SUPERIOR COURT OF NEW JERSEY
APPELLATE DIVISION
A-4272-94T4
STATE OF NEW JERSEY,
Plaintiff-Respondent,
v.
ALBERTO RUIZ,
Defendant-Appellant.
___________________________________
Submitted December 5, 1995 - Decided December
26, 1995
Before Judges Dreier, Kestin and Cuff.
On appeal from the Superior Court, Law
Division, Monmouth County.
Susan L. Reisner, Public Defender, attorney for
appellant (Paul M. Klein, Deputy Public
Defender, of counsel and on the letter brief).
Deborah T. Poritz, Attorney General, attorney
for respondent (Robert E. Bonpietro, Deputy
Attorney General, of counsel and on the letter
brief).
The opinion of the court was delivered by
KESTIN, J.A.D.
Defendant was charged with two third degree crimes, possession
of cocaine and aggravated assault on a police officer, and with
fourth degree resisting arrest. After the trial court denied
defendant's motion to suppress evidence, defendant, pursuant to a
plea agreement, entered a retraxit plea of guilty to the possession
and aggravated assault charges along with a pending disorderly
persons charge for possessing marijuana. As agreed, the resisting
arrest charge was dismissed along with two other disorderly persons
charges. Defendant was sentenced to concurrent two-year
probationary terms. A $1,000 DEDR penalty was assessed along with
a $50 lab fee, aggregate VCCB penalties of $150, and a fine of
$1,250.
The only issue raised by defendant on appeal is:
WHERE POLICE HAD NO REASONABLE BASIS TO BELIEVE
THAT DEFENDANT WAS ENGAGED IN CRIMINAL
ACTIVITY, THE ATTEMPTED STOP AND SUBSEQUENT
CHASE OF DEFENDANT VIOLATED HIS RIGHT TO BE
FREE FROM UNREASONABLE SEARCHES AND SEIZURES.
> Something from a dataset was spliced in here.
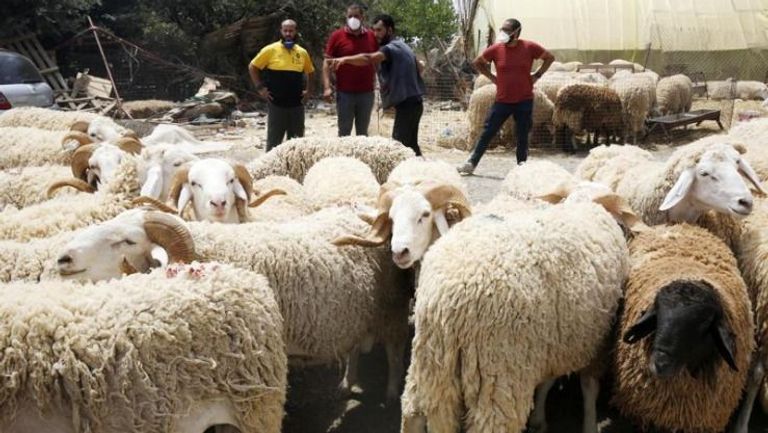 سوق لبيع أضاحي العيد في الجزائر طفل جزائري في سوق لبيع أضاحي العيد بالعاصمة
(U.S. CONST., AMEND IV; N.J. CONST. (1947),
ART. I, PAR. 7). ACCORDINGLY, THE DECISION OF
THE TRIAL COURT DENYING DEFENDANT'S MOTION TO
SUPPRESS MUST BE REVERSED.
The only person to testify at the suppression hearing was Sergeant Powers of the Aberdeen Police Department. At about 11:20 p.m. on November 23, 1993, he was participating in a surveillance operation, when he received a radio communication from other members of the surveillance team alerting him to a person on Shady Nook Road in a residential area "known to be frequented by persons looking to purchase or distribute controlled dangerous substances." Sergeant Powers was in plain clothes, driving an unmarked vehicle and accompanied by two or three other police officers. He drove his vehicle to the indicated location. As he turned the corner onto Shady Nook Road, he saw one person, later identified as defendant, walking near the center of the roadway in the same direction of travel as the vehicle. He drove the vehicle alongside
the pedestrian and stopped. Its window had been rolled down.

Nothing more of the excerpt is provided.